I talked with him, and he fully admits the anger and the threats, but firmly denies the seatbelt allegation. I tend to believe him, if only because he freaks out if I start to move the car before he's got his seatbelt on. He claims the belt was on and that he told the parent chaperone this, but they either didn't believe him or misunderstood him or something. So that I'm going to back him on when we go in for conferences on Tuesday.

As far as the rest... Well, we're going to continue to work on anger-management strategies and see what can be done to help him learn to deal with things in a productive manner. He spent about a half hour sobbing in my arms this morning, telling me how he just couldn't control it when he got angry and that it all seemed to just spill out. I'm trying to get him to recognize the build-up of anger before it gets to the point of explosion, so that he can calm himself down, but it's tough going. I'm thinking about trying to get him into meditation or yoga as a way of focusing himself; I don't know how successful that'll be, though, because I'm miserable at meditation myself.

I've also restricted him from television and video games for the rest of the school year--more as a preventative measure than as a punishment, because I'm still trying to figure out whether or not there's a correlation between his television viewing habits and his hostility level.

I wish kids came with an instruction manual. Or that they were all the same, so that once you've had one and learned all the tricks, you were set. ::sigh::
double_mischief: (pic#)
Went last night to see Love Actually with [livejournal.com profile] valdurfee and [livejournal.com profile] zzzzzzboop. I really enjoyed it and will probably go again with [livejournal.com profile] shadowowl, who didn't get the option to go last night as it was a Girls' Night Out.

It reminded me of Magnolia, except that Love Actually was good. I've heard complaints that it was too fragmented, and that it seemed like the director was trying to keep too many balls in the air at one time, but I didn't feel that way. The flow from one "love" to another seemed to be smooth, and I was never lost nor did I feel like I'd been cheated out of seeing anything important. I have to admit that I wasn't quite sure about Colin's storyline; I kept expecting the gorgeous Wisconsin girls to turn out to be a dream he was having on the airplane, or perhaps hookers. :-)

And I was enamored of the kid - Sam - who was so serious about being in love. That's my...well, I was going to type "seven-year-old," but was suddenly brought up by the fact that he'll be eight in a little over a month. Wow. Anyway, that's my son, all overly serious and intense and so sure about how he feels. Not quite so British, though, but he's working on it. :-) I loved Sam's step-father letting him make a run for it at Heathrow; that's probably the kind of thing I'd do with my kids.
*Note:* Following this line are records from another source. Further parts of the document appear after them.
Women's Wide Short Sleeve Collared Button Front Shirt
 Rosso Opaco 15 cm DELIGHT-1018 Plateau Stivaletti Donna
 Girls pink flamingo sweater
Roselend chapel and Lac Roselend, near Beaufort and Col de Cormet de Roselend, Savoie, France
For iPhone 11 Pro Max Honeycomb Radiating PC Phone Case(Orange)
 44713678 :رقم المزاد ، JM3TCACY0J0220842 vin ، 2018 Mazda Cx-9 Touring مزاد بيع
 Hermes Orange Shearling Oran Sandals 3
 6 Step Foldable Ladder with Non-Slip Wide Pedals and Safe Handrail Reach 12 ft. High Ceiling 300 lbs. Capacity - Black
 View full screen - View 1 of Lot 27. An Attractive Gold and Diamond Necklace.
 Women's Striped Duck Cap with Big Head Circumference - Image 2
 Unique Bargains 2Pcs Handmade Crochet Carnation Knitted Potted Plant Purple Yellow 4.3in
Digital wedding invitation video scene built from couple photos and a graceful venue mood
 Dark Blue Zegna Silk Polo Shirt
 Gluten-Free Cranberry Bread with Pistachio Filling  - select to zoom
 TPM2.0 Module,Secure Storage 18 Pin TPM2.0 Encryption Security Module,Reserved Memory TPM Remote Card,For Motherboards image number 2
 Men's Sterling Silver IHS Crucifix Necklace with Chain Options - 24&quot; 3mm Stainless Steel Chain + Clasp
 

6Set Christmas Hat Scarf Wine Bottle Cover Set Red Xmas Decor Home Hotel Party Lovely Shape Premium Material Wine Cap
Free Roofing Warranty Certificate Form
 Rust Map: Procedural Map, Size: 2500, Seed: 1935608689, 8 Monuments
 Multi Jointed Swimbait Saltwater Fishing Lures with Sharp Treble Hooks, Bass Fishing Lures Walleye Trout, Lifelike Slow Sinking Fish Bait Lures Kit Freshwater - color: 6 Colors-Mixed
But then, I'm a closet romantic!

Val and I were commenting on the choices the various characters made throughout the film; if I were choosing between Emma Thompson and whatsername-the-bimbo...no contest. Emma is smart, witty, gorgeous...the bimbo was a skank. I think that men often fail to think with the appropriate head in situations like that. ;-) (And of course, I couldn't fault the bimbo for trying for Alan Rickman; even as he gets older - and despite the fact that he's not aging as well as, say, Sean Connery - he's still sex on a stick. Yum.)

Keira Knightly's size is beginning to worry me, though. She's even thinner than my daughter, [livejournal.com profile] onnakitty, and I didn't think that was possible in someone who doesn't have an eating disorder. She did say that she'd lost a lot of weight while filming Pirates of the Caribbean, though, because the shooting schedule was so busy and she had so many active scenes - she apparently really got a good workout every day.

So overall, Love Actually gets a thumbs up. The next thing I go see will probably be Master and Commander.